Customs optimization is a collection of approaches that can significantly reduce the overheads, costs, and delays of importing and exporting goods through customs. Most customs optimization services aim to eliminate, minimize, or suspend the payment of duties, tariffs, and other fees. Customs optimization is typically carried out by licensed customs brokers, particularly when integrated with other third-party logistics services.
Common customs optimization strategies include the use of foreign trade zones, bonded warehouses, free trade agreements, temporary import and export, and duty drawback. Expert knowledge of federal and local customs processes also helps eliminate delays and ensure the rapid onward transit of goods.
- Customs optimization can significantly reduce duties, tariffs, and other fees you pay when moving goods through customs.
- Customs optimization can speed up the clearance of goods through customs while ensuring that importers and exporters meet all regulatory standards.
- Licensed customs brokers use a variety of techniques for optimization, depending on client needs.
- Some customs optimization depends on relationship building and soft skills, while other approaches require compliance with strict standards.
- Used well, customs optimization helps clients meet cash flow challenges, reduces the cost basis of products, accelerates the clearance of goods, and provides a competitive advantage when importing or exporting.
The customs optimization process
There isn’t a standard customs optimization process, as the techniques used to reduce costs and delays vary depending on individual client needs. Instead of presenting a process, we are sharing the customs optimization techniques typically used at each stage when importing goods.
- Prior to import, customs optimization may use tariff engineering, free trade agreements, and correct product classification to understand and reduce duties paid.
- The import clearance process itself relies on complying with customs regulations and using local knowledge to work with local agents. A foreign trade zone may also be used just prior to formal clearance.
- Following import, goods might be moved to a bonded warehouse to suspend duty payments. If duties do need to be paid, a broker can make these payments on a client’s behalf.
- Goods may also be temporarily imported before re-export, and clients can also take advantage of duty drawback for re-exported or destroyed products.
- Throughout the process, customs optimization can integrate with other systems and data, provide a customs control tower, and take advantage of downstream logistics services.
Get in touch with GEODIS to learn how our services can help you optimize your customs processes.
The benefits of customs optimization
Customs optimization provides several benefits for businesses:
- Speed up the clearance of goods through customs: Customs brokers that understand local processes and cultures can work with on-site officials to clear your goods through customs more quickly.
- Reduce duties and tariffs prior to formal entry: Foreign trade zones, free trade agreements, tariff engineering, and product classification can help reduce fees.

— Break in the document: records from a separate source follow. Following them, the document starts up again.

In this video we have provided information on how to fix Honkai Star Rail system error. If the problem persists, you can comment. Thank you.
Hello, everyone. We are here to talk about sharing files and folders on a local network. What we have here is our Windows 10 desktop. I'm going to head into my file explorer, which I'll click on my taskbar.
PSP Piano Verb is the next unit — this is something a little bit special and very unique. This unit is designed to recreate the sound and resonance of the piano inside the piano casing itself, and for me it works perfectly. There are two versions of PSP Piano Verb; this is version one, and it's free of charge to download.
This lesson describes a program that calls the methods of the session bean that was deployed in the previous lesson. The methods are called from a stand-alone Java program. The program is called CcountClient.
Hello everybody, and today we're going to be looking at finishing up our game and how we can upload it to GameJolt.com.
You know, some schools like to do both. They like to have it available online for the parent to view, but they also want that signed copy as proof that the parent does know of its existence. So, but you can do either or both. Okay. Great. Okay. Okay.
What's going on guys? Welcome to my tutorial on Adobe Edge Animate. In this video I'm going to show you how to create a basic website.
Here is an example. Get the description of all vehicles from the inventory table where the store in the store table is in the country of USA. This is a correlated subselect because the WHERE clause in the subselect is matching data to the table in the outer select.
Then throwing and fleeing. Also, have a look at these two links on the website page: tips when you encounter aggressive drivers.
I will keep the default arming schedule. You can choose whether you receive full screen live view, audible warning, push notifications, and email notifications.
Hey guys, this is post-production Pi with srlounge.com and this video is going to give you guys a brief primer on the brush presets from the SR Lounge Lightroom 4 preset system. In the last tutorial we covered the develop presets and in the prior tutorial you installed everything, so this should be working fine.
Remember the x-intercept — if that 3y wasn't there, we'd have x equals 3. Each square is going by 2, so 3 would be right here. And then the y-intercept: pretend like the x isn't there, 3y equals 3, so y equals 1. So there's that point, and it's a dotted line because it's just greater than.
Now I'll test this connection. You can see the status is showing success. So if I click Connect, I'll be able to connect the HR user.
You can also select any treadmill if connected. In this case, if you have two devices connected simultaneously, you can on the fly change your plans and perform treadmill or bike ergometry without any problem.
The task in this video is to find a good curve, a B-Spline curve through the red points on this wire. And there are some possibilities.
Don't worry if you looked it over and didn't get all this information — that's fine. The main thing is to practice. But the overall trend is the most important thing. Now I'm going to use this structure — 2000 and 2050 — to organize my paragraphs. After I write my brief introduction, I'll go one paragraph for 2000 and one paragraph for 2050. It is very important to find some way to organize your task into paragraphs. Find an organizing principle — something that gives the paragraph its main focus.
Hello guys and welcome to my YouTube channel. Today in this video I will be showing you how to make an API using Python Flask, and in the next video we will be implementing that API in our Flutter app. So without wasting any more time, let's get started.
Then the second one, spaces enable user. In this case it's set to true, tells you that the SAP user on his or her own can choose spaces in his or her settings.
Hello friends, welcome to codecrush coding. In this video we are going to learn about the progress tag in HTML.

- Lower duties and tariffs following entry: Bonded warehouses, temporary import and export, and duty drawback can reduce, eliminate, or even refund duties paid.
- Optimize cash flow: Defer and suspend duty payments until you have the right cash flow in place to pay monies owed.
- Understand customs and product flows: Use systems integration and a customs control tower to understand how goods move and share helpful information.
GEODIS customs insights
“Much of what we do as part of customs optimization is smoothing the entry of goods into the country. When the pre-entry process is handled well, that results in less concern for the post-entry process. We work closely with the individuals, teams, and culture of different importing companies. There’s a big variety in approaches, no two are alike. That’s where the value of customs optimization come from, being flexible enough to adapt to the unique needs and methods of each company.”
Robert Chin Quee, Senior Vice President, Customs Brokerage
Manage federal customs clearance for imported goods
Dealing with the complex rules, regulations, and standards around customs can be daunting for clients. Customs brokers can optimize clearance and compliance by navigating the customs process on a client’s behalf. Licensed brokers stay up-to-date with all customs rules changes, ensuring that imports and exports meet the latest requirements. Brokers will work with US Customs and Border Protection (CBP) to clear goods and obtain any necessary licenses or permits from US agencies.
This can result in faster clearance through customs, reduced costs, and mitigating risks by adhering to all required customs regulations.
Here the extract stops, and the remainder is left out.